Instructions for the task
Go through the entries below and retype them exactly, omitting each picture.

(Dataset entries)
═══

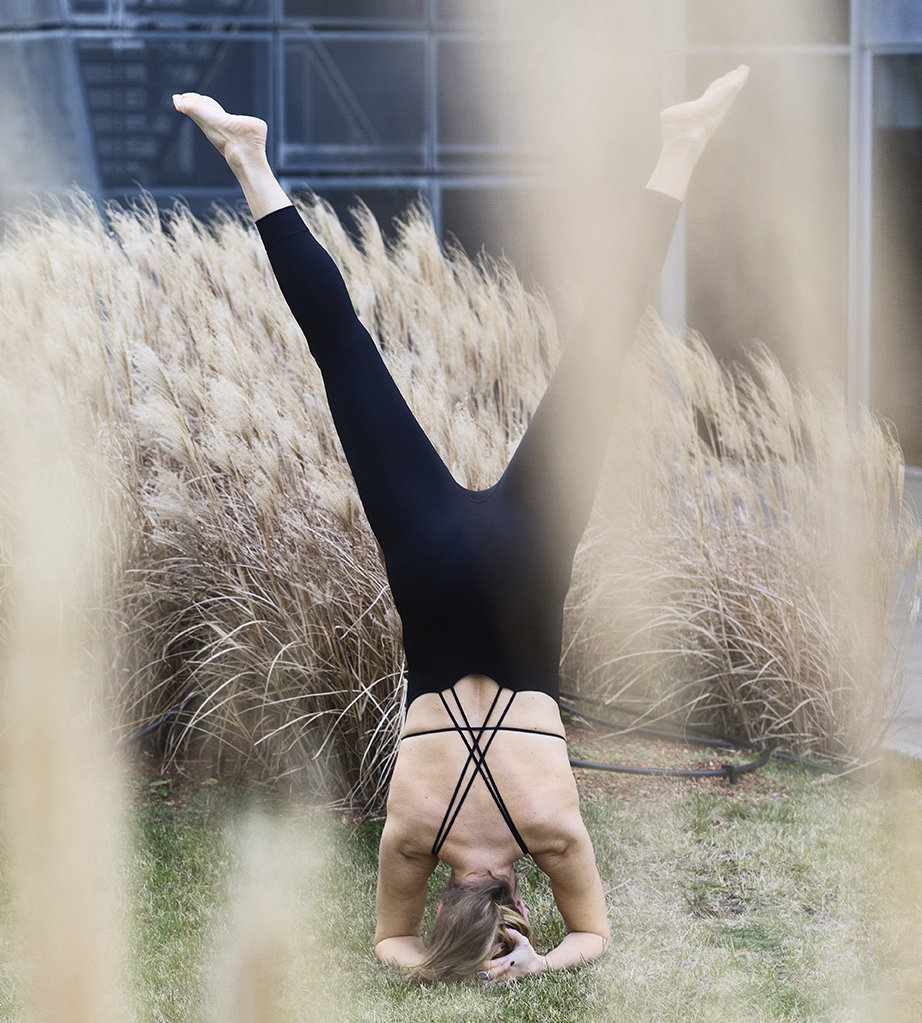 Die Yogalehrerin Maria Peinhaupt zeigt den Fastengästen ihre Yogaübungen. Sanftes Yoga ist ein idealer Begleiter zur Fastenkur.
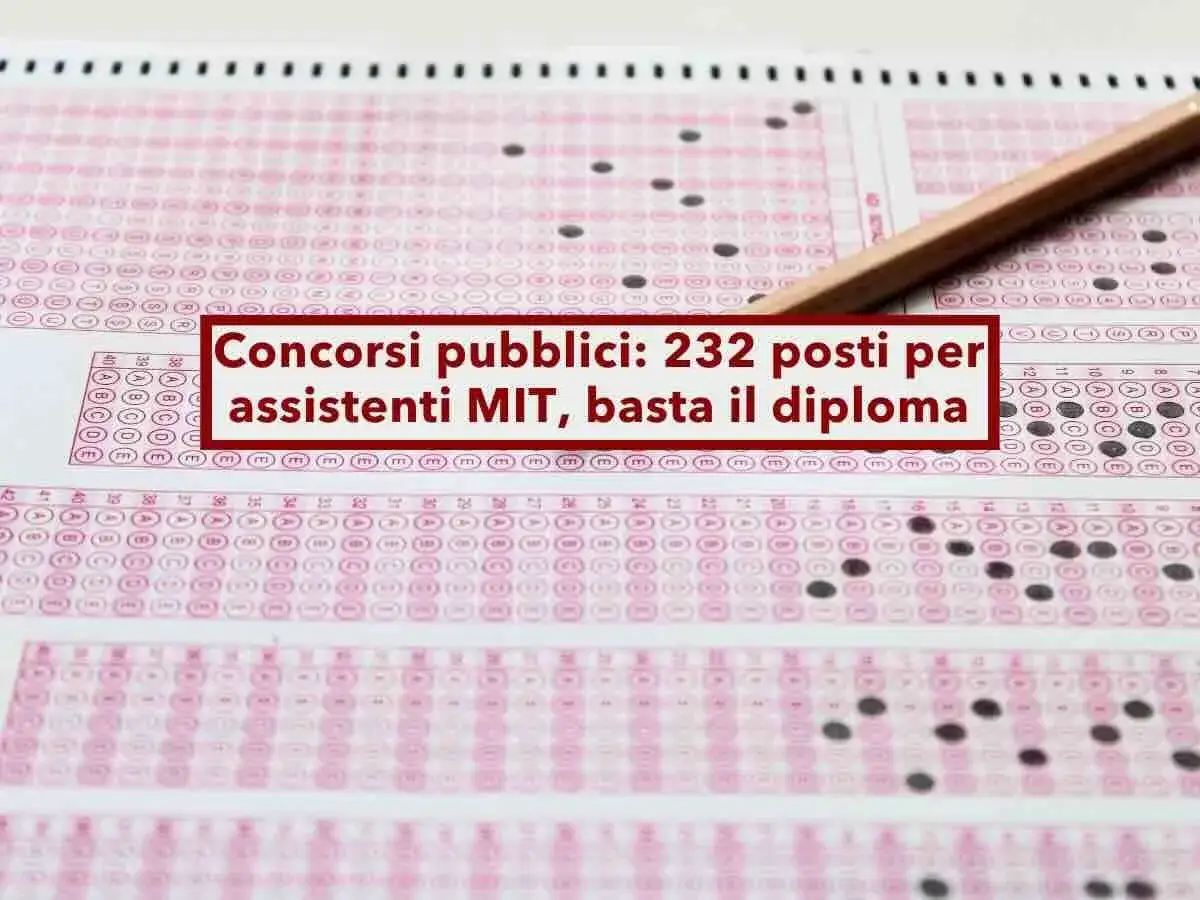Concorsi pubblici: 232 posti per assistenti MIT, basta il diploma. Foglio di risposte con matita, pronto per il test.
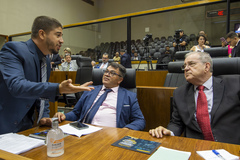 Movimentação de plenário. na foto vereadores Giovane Byl, Professor Vitorino e Idenir Cecchim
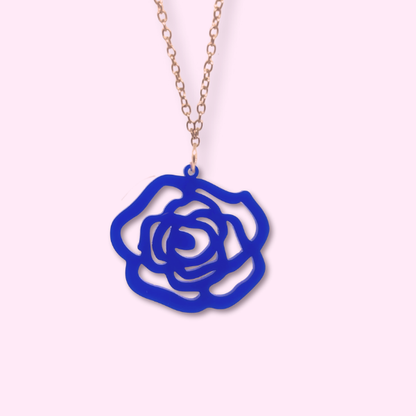 Grande Rose Silhouette Necklace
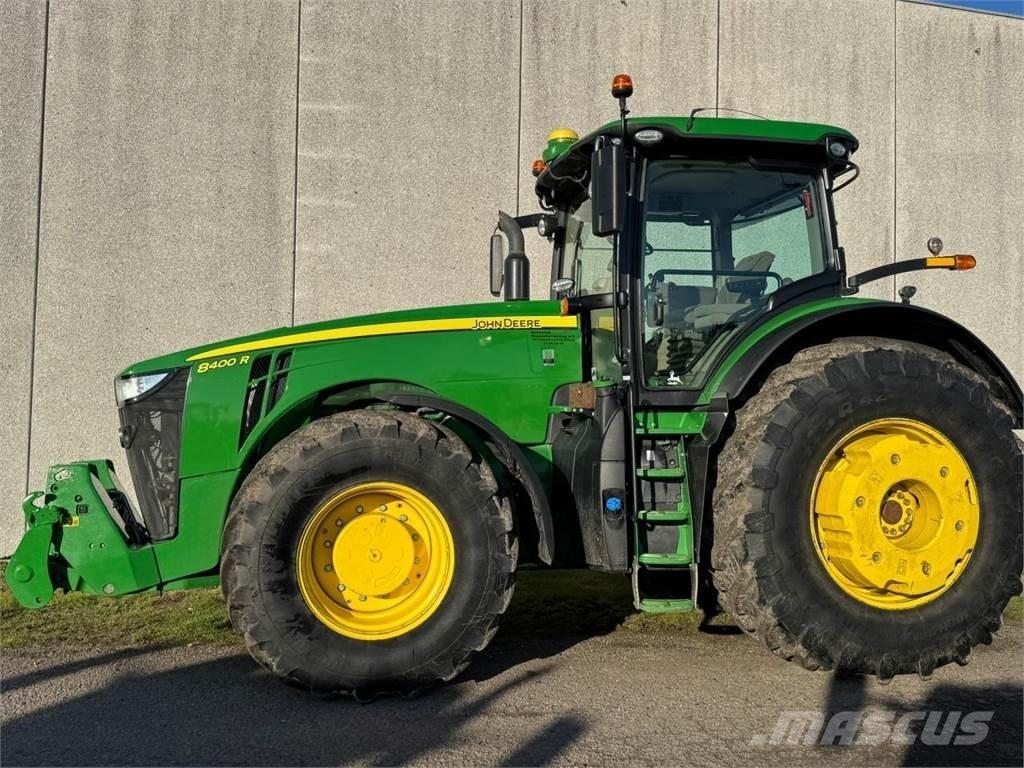 John Deere 8400R トラクター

═══

Output
 Die Yogalehrerin Maria Peinhaupt zeigt den Fastengästen ihre Yogaübungen. Sanftes Yoga ist ein idealer Begleiter zur Fastenkur.
Concorsi pubblici: 232 posti per assistenti MIT, basta il diploma. Foglio di risposte con matita, pronto per il test.
 Movimentação de plenário. na foto vereadores Giovane Byl, Professor Vitorino e Idenir Cecchim
 Grande Rose Silhouette Necklace
 John Deere 8400R トラクター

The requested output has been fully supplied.